03. I kept hearing “Mr. Wisley” as “Mr. Weasley”, particularly when coming from both Maggie Smith and Julie Walters. When Lady Gresham came over to have a tête-à-tête with Mrs. Austen, I was convinced it was a parent-teacher conference between Professor McGonagall and Molly Weasley.

04. I think I adore it when people refer to their loved ones being beheaded during the French Revolution and the subsequent Reign of Terror as them having had a date with Madame La Guillotine.

05. The kid who was completely “besotted” with LeFroy was rather adorable.

06. Okay, can people cut it out with the pathetic fallacy already? I mean, I’m very fond of it when it actually adds to the scene in a not-so-obvious way or, conversely, when it’s so over the top that you can’t help but mock it*, but when the camera panned out from Jame’s face at a dinner party to the window pane that was suddenly assaulted with wet foreshadowing from above (a.k.a. rain), I couldn’t help but roll my eyes and think “Oh dear, I bet this is where we find out that Cassandra’s betrothed has perished in a distant land.” Guess what information was then imparted to Pops Austen via a letter delivered to the dinner party. So unnecessary.

* I am thinking of that scene in The Robe where the centurion asks a random man what his name is, he replies “Judas”, and then out of nowhere there is a huge crash of thunder and a bolt of lightning. That’s how you do it if you’re going to be over the top about it.

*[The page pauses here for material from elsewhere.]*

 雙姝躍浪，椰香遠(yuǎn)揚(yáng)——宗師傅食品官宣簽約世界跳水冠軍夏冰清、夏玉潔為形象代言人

07. Speaking of Pops Austen, are James Cromwell (wrong, he’s American) and Jim Broadbent the only elderly British gentlemen capable of playing aging husbands in fathers in British films? It’s either one or the other in any film with British people. Surely there’s someone else they can throw into the mix occasionally.

08. I know I say this every time I see a biopic, but my measure of a biopic is whether or not it has managed to interest me sufficiently in the work of the person being depicted. After all, the success and influence of the work done by the subject of a biopic is the reason we’re interested in that person after all these years, yes? But oh how Becoming Jane fails this particular litmus test. I have absolutely no more interest in reading Austen now than I did prior to seeing the film. Which reminds me that I have yet to begin my annual aborted reading of Pride and Prejudice for this year. I swear one day I’ll finish that book, but then again I just can’t bear to start it again.

09. I thought this movie was overall decent, but truthfully I’d rather just sit through Sense & Sensibility again.